Content starts

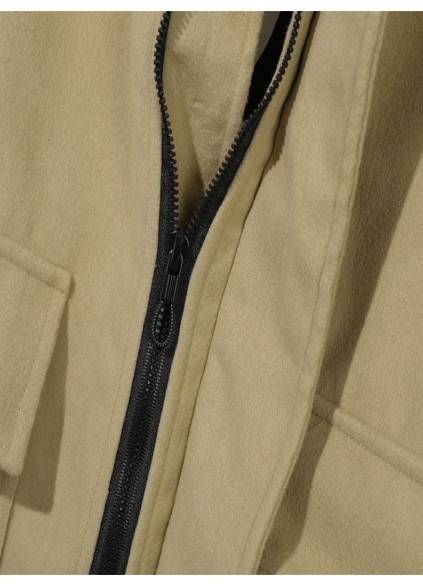 Men's Casual Oversized Coat Long Jacket
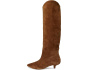 Love In A Mist Leather Boots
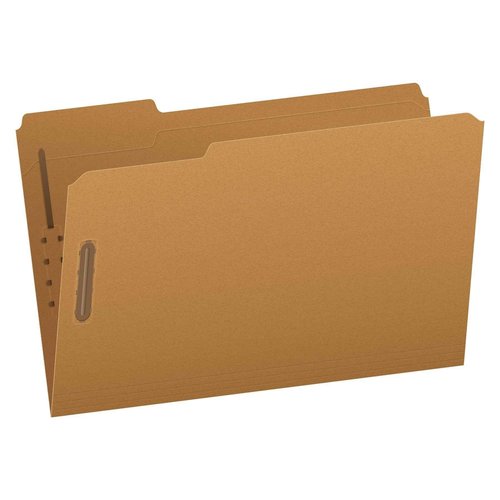 Pendaflex FK312 Pendaflex Kraft 2-Fastener Classification Folder with 1/3 Cut Tabs, 50/Box, Brown, Legal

Content ends

▶ **About this task**: Write out, word for word, only the lines from the one containing "Love In A Mist Leather Boots" to the end of the data above; the pictures stay out.

▶ **Exercise solution**:
 Love In A Mist Leather Boots
 Pendaflex FK312 Pendaflex Kraft 2-Fastener Classification Folder with 1/3 Cut Tabs, 50/Box, Brown, Legal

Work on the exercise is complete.